> _TASK PROMPT_: Write out the line with "柑橘 果物 愛媛みかん【K002290】" and every later line through the end of the data below, exactly as given, with no pictures in the copy.

--- INPUT FOR THIS TASK Enclosed Below ---

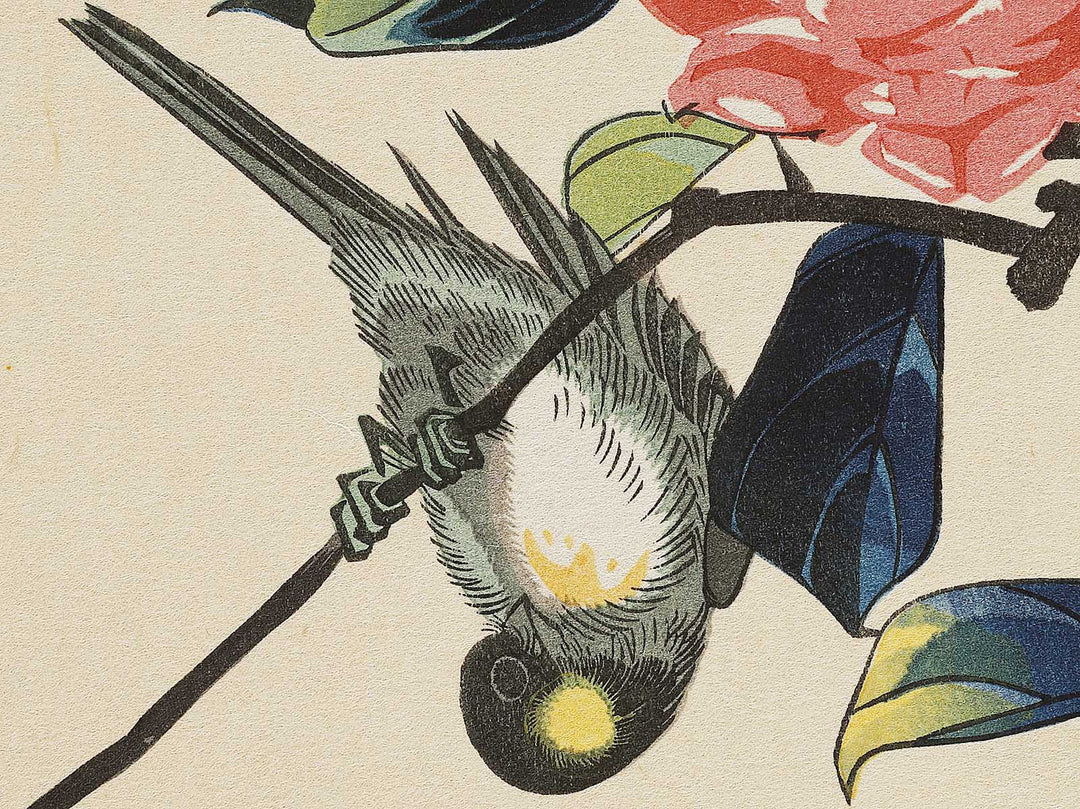 Bullfinch in Tsubaki by Utagawa Hiroshige, (Medium print size) / BJ328-083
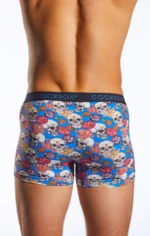CX12DD Calavera Blue 3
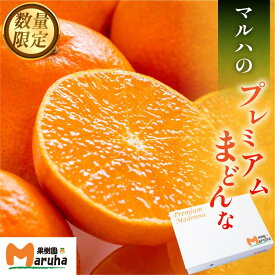【ふるさと納税】【先行予約】マルハ果樹園 プレミアムまどんな 11月中旬から発送 12~15玉 先行予約 今治産 特選 まどんな マドンナ 化粧箱入 高級みかん 甘いみかん まどんなふるさと納税 ふるさと納税まどんな フルーツ 柑橘 果物 愛媛みかん【K002290】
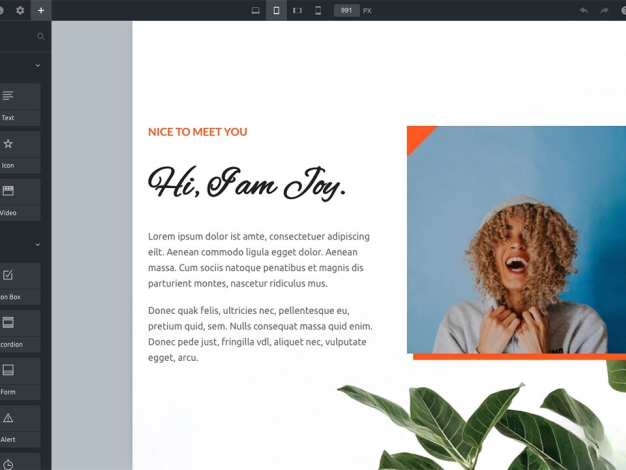 WordPress主题Bricks v1.9 破解版
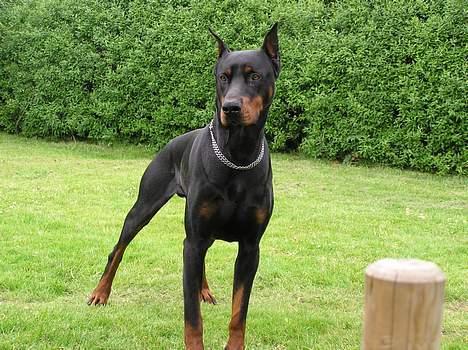 Dobermann Taras Zil Sawages billede 1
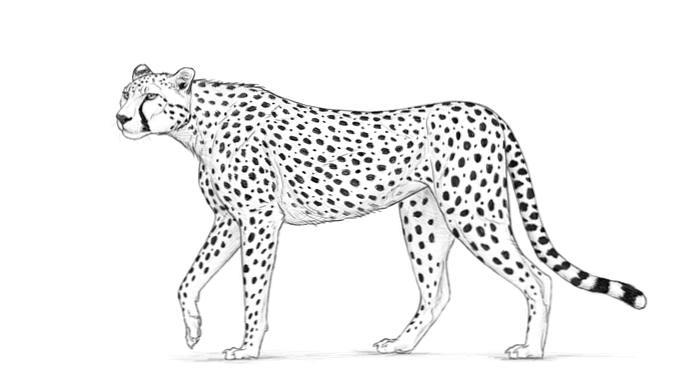 Beste Hoe een Cheetah te tekenen / Ontwerp & illustratie | Website WU-73
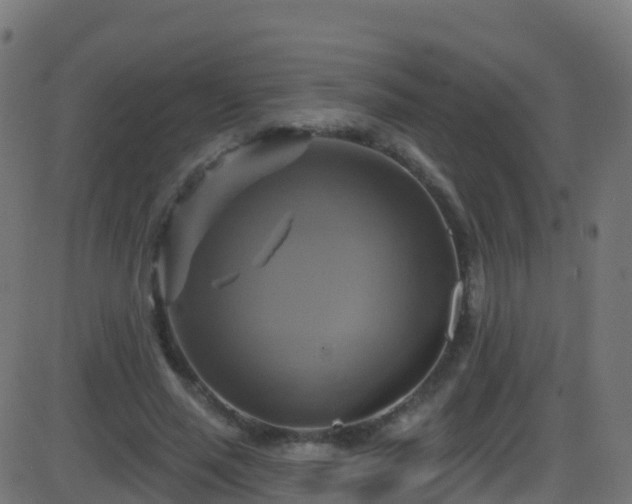 X0000086220637200704051241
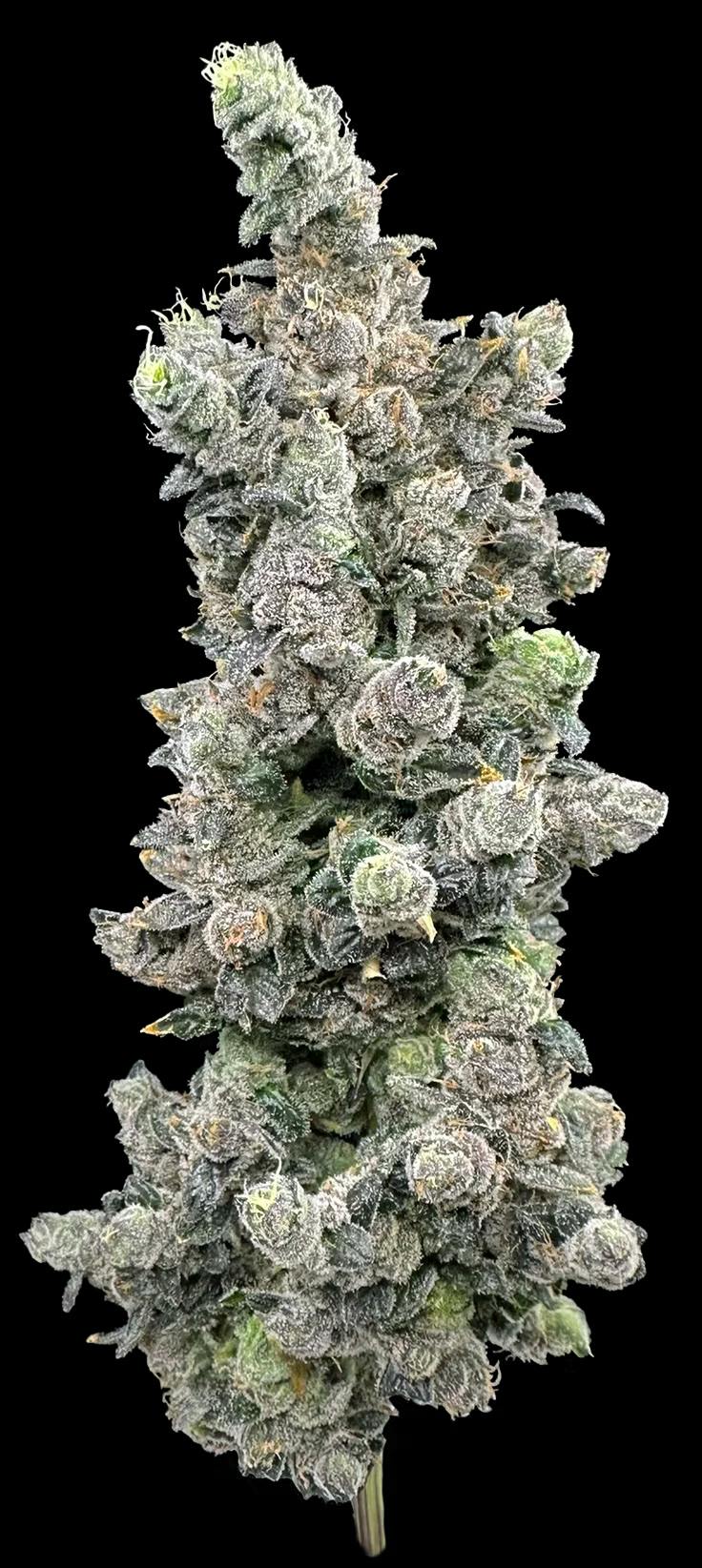 Vanilla Zoap - Flower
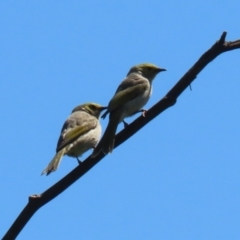 Ptilotula penicillata at Fyshwick, ACT - 11 Oct 2023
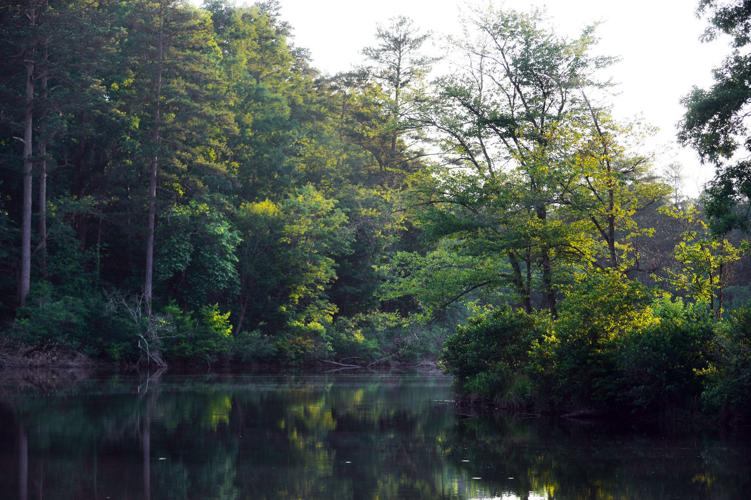 Images from Coleman Lake Slideshows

--- End of Enclosed INPUT FOR THIS TASK ---

> _EXERCISE ANSWER_:
【ふるさと納税】【先行予約】マルハ果樹園 プレミアムまどんな 11月中旬から発送 12~15玉 先行予約 今治産 特選 まどんな マドンナ 化粧箱入 高級みかん 甘いみかん まどんなふるさと納税 ふるさと納税まどんな フルーツ 柑橘 果物 愛媛みかん【K002290】
 WordPress主题Bricks v1.9 破解版
 Dobermann Taras Zil Sawages billede 1
 Beste Hoe een Cheetah te tekenen / Ontwerp & illustratie | Website WU-73
 X0000086220637200704051241
 Vanilla Zoap - Flower
 Ptilotula penicillata at Fyshwick, ACT - 11 Oct 2023
 Images from Coleman Lake Slideshows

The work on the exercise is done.